The Only Other Person I Knew in New York.

I would stumble in, drunk and exhausted and morose, at 3am and climb into bed next to someone who had to be in class at 8am.

The Only Other Person I Knew in New York.

I moved to New York with Julia, who had been accepted to Columbia Law. In the summer before we moved, Julia had taken to quoting a statistic that eighty percent of existing relationships do not survive the first year of law school. I had spent a lot of time reassuring her that we would beat those odds until it became clear, during the second semester of her first year, that she had been quoting the stat more as a way of laying the groundwork for what was to come, rather than seeking affirmation of our resilience. She had been citing precedent, building her case. She was going to be a great lawyer.

At the time, I knew one other soul in New York, an old friend of mine from St. Louis named Mike. Mike lived in Brooklyn. As things got worse in my relationship, I found myself making the hour-and-a-half trek from Morningside Heights down to Prospect Heights with greater frequency. The return trip became more and more steeped in intoxicated sadness, as I began to resign myself to the fact that the home I was going back to was not a happy one. Mike would always offer me his couch, but somehow it seemed important that I be physically in the presence of the person who had most come to resent my presence in order to save my relationship. I got it into my head, somehow, that the foundation to us fixing things lie in me being there every morning when she woke up, that she see me as a constant. And with that in mind, I would stumble in, drunk and exhausted and morose, at 3am and climb into bed next to someone who had to be in class at 8am. This was like shoveling snow on the Titanic. It made exactly that much sense.

One night, I was on the train, drunk and depressed at one in the morning, when I saw a woman at the other end of the train who looked familiar. She looked just like a regular who used to come into the coffee shop in St. Louis where I had met Julia. Unfortunately, she was very far away, I had never really known the woman well in the first place, and I was a little blurry-eyed from the booze. And if it was her, well, only under the most desperate circumstances would that be a good thing. The woman I remembered had been kind of on the opposite side of a circle of friends, and that seemed to be by mutual agreement. She would come into the coffee shop or show up at parties and before you knew it, everything would be a political discussion that was veering toward conflict. She seemed to be able to turn any occasion into a bitter debate and, when I was in St. Louis, I had learned to actively avoid her. 
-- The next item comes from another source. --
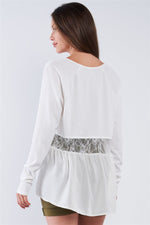 Load image into Gallery viewer, Loose Fit Long Sleeve Mesh Detail Tunic Top
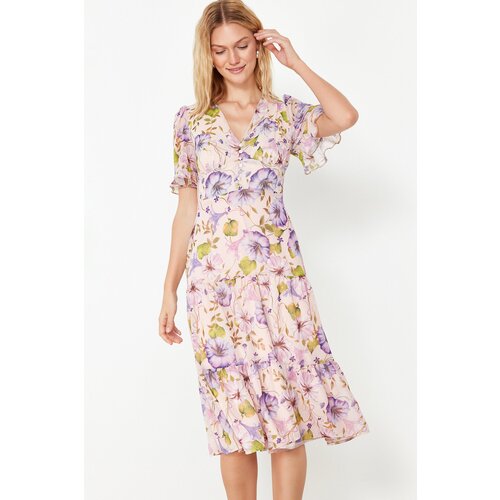 Trendyol Pink Floral Print A-Cut Flounced Midi Lined Chiffon Woven Dress Cijene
Now though, she might be one more person I at least kinda knew, in a town where the only two people I certainly knew were sick or me and sorry for me respectively. I was so desperate to see a familiar face. Just anyone who knew my name. Someone who might remember me from a time when I was not so lonely and pathetic, because I was certainly losing my grip on any memory of that, myself. It would have been amazing to run into someone who knew a better me from a happier moment. And that is definitely what that last year in St. Louis had been - working in the coffee shop, just beginning to date Julia, surrounded by friends. It was one of those times in your life that is so special you know how special it is while it is happening to you. That was when this woman would have been a regular. If she was the woman I remembered, that memory would have been from that happy year.

She was just too far away though. And I was too blurry. I couldn’t quite be sure. It had been too many years and I couldn’t lock it down. I just kept staring at her, trying to figure it out. My brain was operating on an alcohol-induced binary, bouncing back and forth between, “Is it her? Is it not her? Is it her? Is it not her?… Is it her?”

Then the train began pulling into Union Square. Before it came to a full stop, she got to her feet, marched halfway down the train, took a wide-legged stance while pointing her finger at me and declared, “I know what you are doing! I will not be intimidated! You stop it right now!” She took back the night right then and there and then exited onto the platform just as the doors were closing.

I thought, “Yep. That was her.”

That was the only other person I knew in New York. And she did not know me. Although, apparently, she would be able to identify me in a line-up, if it came down to it.